There will also be fallout for the Swiss, as the euro-denominated assets the central bank has scooped up while expanding its balance sheet to maintain the currency peg depreciate in value. Equity market investors took the news badly, sending the SIX Swiss stock exchange to its worst loss in a quarter century and punishing Zurich-listed shares of banks like UBS and Credit Suisse, each down more than 10% Thursday and still falling Friday.
Nomura analysts project the Swiss franc change will dilute bank earnings, but boost capital ratios due to the banks’ mismatch between foreign revenue and assets and domestic costs and capital. Pre-tax profits at Credit Suisse and UBS could be cut by 8% with a 10% sustained rise in the Swiss franc against the dollar and euro, Nomura’s Jon Peace figures, but the currency’s reaction to next week’s ECB bears watching.

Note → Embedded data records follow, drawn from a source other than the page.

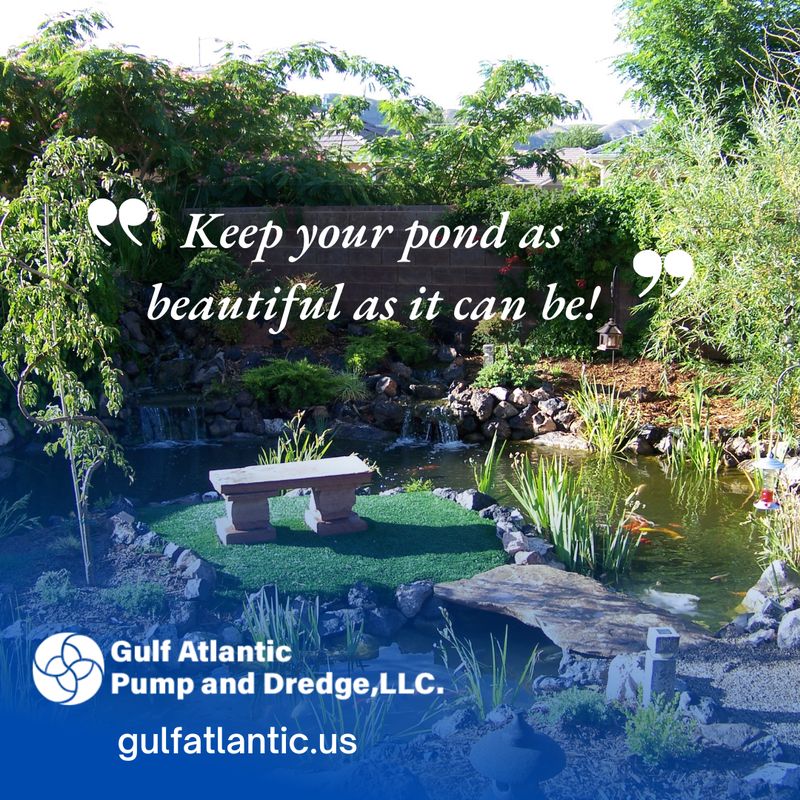 pond maintenance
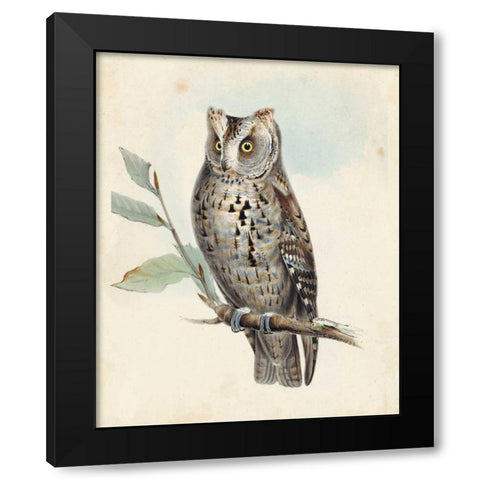Meyer Scops-Eared Owl Black Modern Wood Framed Art Print with Double Matting by Meyer, H.L.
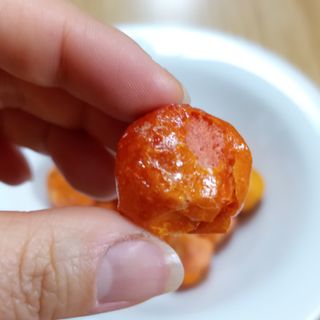 레드닥터 완숙토마토 + 통째로 동결건조한 대추방울토마토 — 5점을 준 리뷰어가 2022년 11월 올린 사용 사진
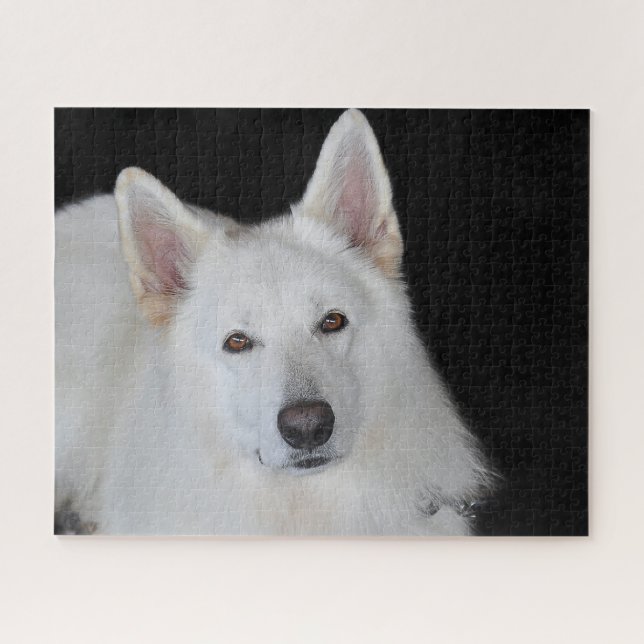 White German Shepherd Jigsaws. Jigsaw Puzzle (Horizontal)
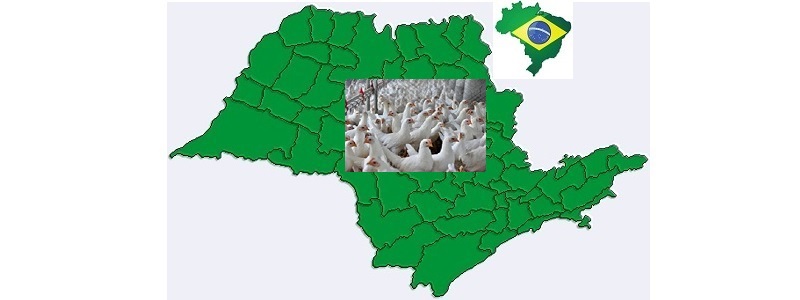 Brasil: Avanços na compartimentação do setor avícola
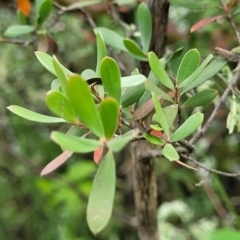 Leptospermum obovatum at Molonglo Valley, ACT - 23 Nov 2021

Santander analyst Aurelia Faure remains cautious on the Swiss banks due to valuation and capital concerns, but think both “overreacted to the [Swiss franc] appreciation on Thursday,” and might be accounting for ”a further strengthening of the currency.”
“It was a drastic move,” says Russell Investments’ Wouter Sturkenboom, noting that the severity of the spike likely jarred traders who have long-treated the Swiss franc as a safe-haven currency. In the longer term, the move in the Swiss franc should do little to derail a trend toward a stronger dollar and weaker euro, rendering any market stress from the removal of the euro peg transitory and short-lived.
“The direct impact on European stocks is small,” says Sturkenboom,” and in pretty non-existent in the U.S.” Of more importance was oil’s continued struggle to build and sustain any type of rally. A Wednesday jump was followed by a nearly 10% peak-to-trough slide Thursday that pushed West Texas crude back under $47 a barrel, before crossing back over that mark with a 2% climb Friday morning.
“Until oil at least stabilizes, it’s hard to believe stocks can gain a steadier foothold,” Sturkenboom adds. U.S. averages started Friday’s session with narrow gains, with the S&p 500 up 0.3% just a hair below the 2,000 level an hour into the trading day.